Es una verdadera pena que la cinta haya dado pie a tan paupérrimas producciones como la secuela de 1976 y la miniserie de NBC protagonizada por Zoe Saldana en 2014. Más aún, que durante los siguientes años Roman Polanski emprendería una más que infame carrera como prófugo de la justicia con letras mayúsculas; pues, durante los setentas se le comprobó, al menos, cuatro casos de violación a menores de edad. Pese a ser declarado culpable, la burocracia estadounidense le abrió la puerta de escape al director, quien no dudó en huir hacia Europa. Desde entonces, las incontables órdenes de extradición han sido insuficientes para llevarlo ante un juez, mientras él sigue dirigiendo, recibiendo premios… ganándose la vida gracias a una olímpica amnesia colectiva.

Por esta misma razón, es cuanto más curiosa la paleta de temáticas propuestas a lo largo de Rosemary’s Baby.
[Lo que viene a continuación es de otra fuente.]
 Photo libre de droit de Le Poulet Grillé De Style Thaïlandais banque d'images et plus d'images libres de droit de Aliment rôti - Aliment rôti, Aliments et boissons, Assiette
Desde la violación, el parto forzado, la subyugación del cuerpo y voluntad femenina, hasta la egolatría de los eternos tiempos patriarcales; todo suma a la aparente incompetencia de la protagonista, a quien incluso se le escarnece por cortarse el cabello como duendecillo.
Así, entre su vestuario jovial y el colorido insert del título mismo, Rosemary lleva consigo por 137 minutos la inocencia de una chica real en un mundo real, cuya única opción al final del camino es precisamente la de mecer su espantosa realidad; es decir, auténtico cine de terror.